3.2. Portée des circonstants intra-prédicatifs de temps et de lieu

Les circonstants intra-prédicatifs de temps et de lieu ont une portée principale sur le verbe et éventuellement sur l’un de ses actants. Ils sont tous sous la portée des modalités de l’énoncé. Leur déplacement peut être accompagné soit d’un changement de sens suite à un changement de portée, soit d’une anomalie qui rend l’énoncé inacceptable :

‘598. Quand il arrivait de bonne heure, il le surprenait dans son mauvais lit de sangle, que cachait un lambeau de tapisserie ; car Pellerin se couchait tard, fréquentant les théâtres avec assiduité. (ES, p. 95.)’ ‘(598a) *car Pellerin, tard, se couchait, fréquentant les théâtres avec assiduité.’ ‘(598b) *car tard, Pellerin se couchait, fréquentant les théâtres avec assiduité.’ ‘599. Les deux voisins, brouillés, s'abs­tenaient d'y paraître aux mêmes heures. Mais, depuis que Frédéric était revenu, le bonhomme s'y promenait plus souvent et n'épargnait pas les politesses au fils de Mme Moreau. (ES, pp. 159-160.)’ ‘(599a) Mais, depuis que Frédéric était revenu, plus souvent , le bonhomme s’y promenait et n’épargnait pas les politesses au fils de Mme Moreau.’

Il est bien évident qu’en changeant de position, le circonstant change de portée et change même de statut. Il n’est plus un circonstant intra-prédicatif, il est plutôt un circonstant extra-prédicatif qui porte sur l’énoncé dans son ensemble.

‘600. Frédéric fut charmé de ce désintéressement. Elle se ralentissait, il la crut fatiguée. Elle s'obstina à ne pas vou­loir de voiture et elle le congédia devant sa porte, en lui envoyant un baiser du bout des doigts. (ES, p. 234.)’ ‘(600a) Elle s'obstina à ne pas vou­loir de voiture et devant sa porte, elle le congédia en lui envoyant un baiser du bout des doigts.’

La différence est ici bien claire entre (600) et (601a) dans la mesure où le circonstant dans (600) localise dans l’espace le procès représenté par le verbe congédier, mais dans (601a), le circonstant localise à la fois : 1. l’actant représenté par le sujet, 2. le verbe de l’énoncé, 3. le complément de temps qui dénote la simultanéité des deux procès représenté par la forme verbale prépositionnelle généralement appelée le gérondif.

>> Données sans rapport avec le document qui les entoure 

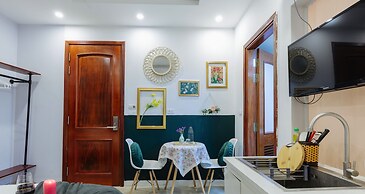 SAZIHOME Cau Giay Hanoi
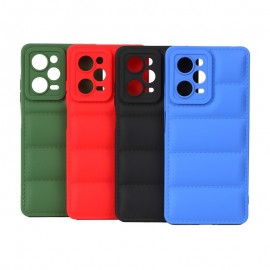 گارد پافر مناسب برای گوشی Xiaomi Redmi Note 12Pro 5G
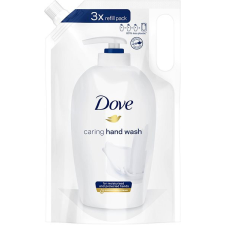 DOVE Caring Hand Wash Refill 750 ml tisztító- és takarítószer, higiénia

Cette phrase peut être glosée par : tout cela a lieu devant la porte 1 .

Les subordonnées circonstancielles en quand et lorsque dans la subordination inverse peuvent, elles aussi, avoir le mode de fonctionnement intra-prédicatif :

‘602. Ils montaient dans leurs chambres quand un garçon du Cygne de la Croix apporta un billet. (ES, p. 61.)’ ‘603. Au milieu de la côte de Chailly, un nuage, crevant tout à coup, leur fit rabattre la capote. Presque aussitôt la pluie s'arrêta ; et les pavés des rues brillaient sous le soleil quand ils rentrèrent dans la ville. (ES, p. 429.)’ ‘604. Les confrères absents furent critiqués. On s'étonnait du prix de leurs oeuvres ; et tous se plaignaient de ne point gagner suffisamment, lorsque entra un homme de taille moyenne, l'habit fermé par un seul bouton, les yeux vifs, l'air un peu fou. (ES, p. 91.)’

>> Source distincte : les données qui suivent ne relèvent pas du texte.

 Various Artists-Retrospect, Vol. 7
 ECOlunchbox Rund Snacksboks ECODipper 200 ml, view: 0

On suppose toujours qu’il y a deux événements, l’un qui s’étend dans le temps et un autre événement plus court qui vient couper le premier pour le dater ou bien pour le localiser sur l’axe du temps.

Notes
1.

Ce critère est utilisé en annexe par L. Gosselin (1985), voir ici-même 1ère partie, chap. III.